O P I N I O N    /    C O L L A B O R A T O R S   G L O R I F I E D   /   G E N O C I D E    C E N T E R

by Kristina Apanavičiūtė Sulikienė

“I am a former Lithuanian soldier myself and have a personal remark to make. Nobody will ever force me to wear the uniform of another country’s armed forces, because I am a Lithuanian patriot. I will not wear the uniform of Russia or of Mozambique.”

Kristina Apanavičiūtė Sulikienė

One of the main Lithuanian dailies Lietuvos žinios (Lithuanian News) reported in an article on 24 November 2015  that the council of the celebrated Sajūdis organization (famed for its role in resisting the USSR and helping to achieve Lithuanian independence), had now, in 2015, decided to apply to prosecutors to take legal action over an article that had appeared in the 13 October 2015 edition of Laisvas laikraštis (Free Newspaper).

Sajūdis “decided” that the author  had violated the law because he mentioned that Lithuanian postwar militants Vytautas Žemaitis, Jonas Noreika (Vėtra), Antanas Baltūsis-Žvejas and others might have been personally involved in Holocaust atrocities. [Editor’s note: See articles by Evaldas Balčiūnas on the alleged Holocaust involvement of Žemaitis, Noreika, and Baltūsis -Žvejas.]

In my previous article in Defending History, I paid particular attention to Baltūsis-Žvejas, and how he has been “sanctified” by our country’s “Genocide and Resistance Research Center of Lithuania.” Its director general Birutė Burauskaitė has stated that Baltūsis-Žvejas together with the Lithuanian Police with which he worked belonged to the “outer security corpus” (trying to deny that they were de facto part of Nazi forces),  and did not kill anybody. But even here in Lithuania, children can learn from their own textbooks that Majdanek, where the gentleman served, was a death camp.

Balys Sruoga, a great writer and a professor, who himself suffered in the concentration camp Stutthof wrote a book Forest of Gods, where he says (p. 8): “The fifth category of lagers were those outside Germany, especially, in Poland, for example, Majdanek. Lagers of the fifth category remained till the end closed utilization camps.” But for some reason it is popular, when discussing Baltūsis Žvejas in “adult” history contexts, such as Genocide Center materials, to regard Majdanek is something that sounds like a kind of vacation spot for the “outer security forces.” It is very popular here in Lithuania to introduce Majdanek as a “normal” concentration camp, where Baltūsis Žvejas, the Genocide Center implies, took some such sort of vacation with the outer security forces.”

In her 11 January 2015 interview with Lrt.lt, Birutė Burauskaitė, the head of the Genocide Center had this to say:

“The only charge against him is that he had secured that Majdanek camp.
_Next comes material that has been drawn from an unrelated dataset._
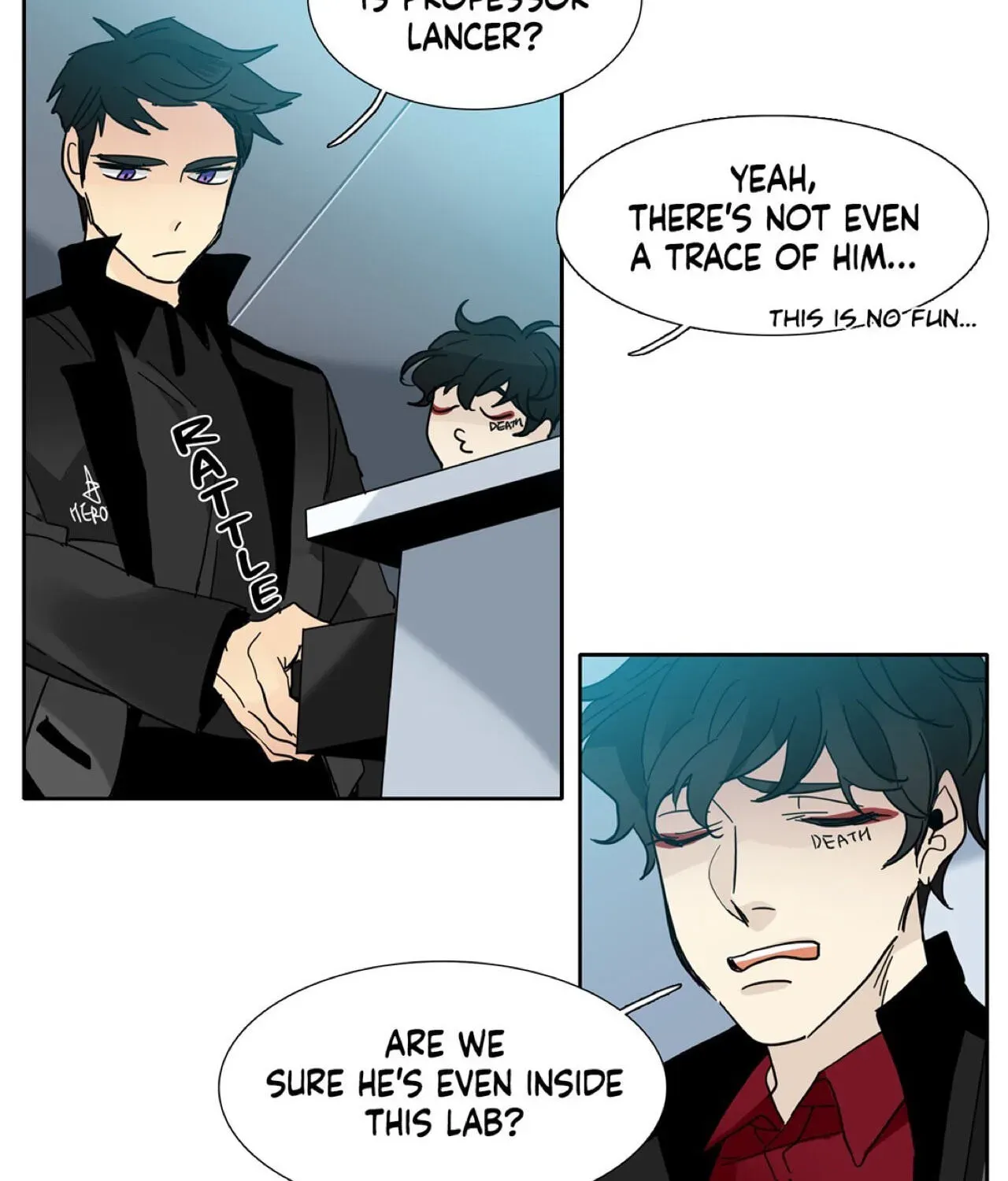 Read Heroes Plan.B chapter 83 image 59 on Lezhin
But it was only outer security. The very honorable men say, that maybe Lithuanians led prisoners to the gas chambers. That is all fairy tales and lies.”

But, whether you pressed this button or shot that gun or “just” helped others do these things, you are part of the war-criminal apparatus of the death camp and not a national hero of a modern European country. But on many occasions, Burauskaitė and her Center have tried to make a case, effectively, that the international set of standards that applies makes an exemption for Lithuania.

As a proud and patriotic Lithuanian, it pains me to say that nowhere in post-Soviet Europe have world mass murderers and collaborators have been so glorified by the state as in my own country. The Sajūdis council has applied to the prosecutors not only demanding the prosecution of the author of the article but of the newspaper itself. Perhaps, in other words, the newspaper is committing a crime by publishing such articles.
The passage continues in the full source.